Nessuno ha mai pensato se fra’ difensori di Roma vi
fossero siciliani, e di raccoglierne i nomi. Io ricordo fra i combattenti i
giovani pittori Giaconia e Rindello, un altro, Luigi Amodei, palermitano,
apparisce nel giugno del '49 col grado di colonnello, doveva godere riputazione
di perizia in lavori di ingegneria militare.
L'esercito
della repubblica non aveva un Corpo del Genio; v'erano zappatori e guastatori e
ufficiali improvvisati; e intanto urgeva
provvedere ad alcune opere di fortificazione indispensabili dopo gli assalti e
le posizioni guadagnate dai francesi. Si cercò l'uomo più adatto, e la scelta
cadde sull'Amodei, che ideò una serie di approcci per controbattere le parallele francesi; e di passaggi coperti
per mettere in comunicazione i casini, che erano tenuti ancora dai legionari di
Roma, con la città. Il progetto fu approvato dai Triumviri, e il 5 giugno
l'Amodei vi pose mano. Ma le braccia erano scarse, e se ne richiamò a
Garibaldi, che protestò vivamente. Mazzini si moltiplicò per trovar quanti più
lavoratori si potesse, e i lavori furono spinti innanzi: ma l'Amodei, per uno
di quegli scatti impulsivi che Garibaldi ebbe frequenti durante il memorando
assedio, non li compì. Ed ecco perché. Durante i lavori, qualche compagnia del
reggimento Unione attaccò, non ostante gli ordini proibitivi, gli avamposti
francesi, con suo danno. Garibaldi accorso e fiammeggiante di collera, credette
che il combattimento fosse stato ordinato dall'Amodei, e senza voler udir
altro, lo fa arrestare, chiudere a Castel S. Angelo, sottoporre a consiglio di
guerra. Ma dal processo balzò netta e chiara l’innocenza dell'Amodei; le
compagnie dell'Unione, avevan fatto di lor capo. L'Amodei fu liberato, ma la
direzione dei lavori era stata già data ad altri.

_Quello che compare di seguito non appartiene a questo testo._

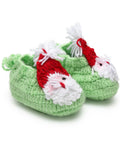 Chutput Kids Woollen Hand Knitted Santa Face Booties - Green | Grocsy
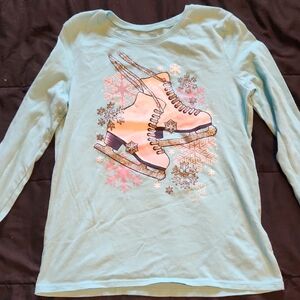 Light Blue Girls' Ice Skate Graphic Long Sleeve Tee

Che cosa sia avvenuto poi dell'Amodei, non so.
Quando la repubblica cadde, la Sicilia era già stata
ripresa dal Borbone, e i suoi migliori figli dispersi per l’Europa vi recavano
il dolore della libertà conculcata, ma con questo dolore quanta e quale
ricchezza di virtù d'intelletto e di cuore, e di quale e quanto onore Ruggero
Settimo, F. P. Perez, Enrico e Michele Amari, Giacinto Carini, Francesco
Crispi, il principe di Scordia, Francesco Ferrara, Giuseppe La Farina,
Giuseppe La Masa, il marchese di Torrearsa, Pasquale Calvi, Mariano Stabile e
tanti e tanti altri, non illuminarono il nome Siciliano?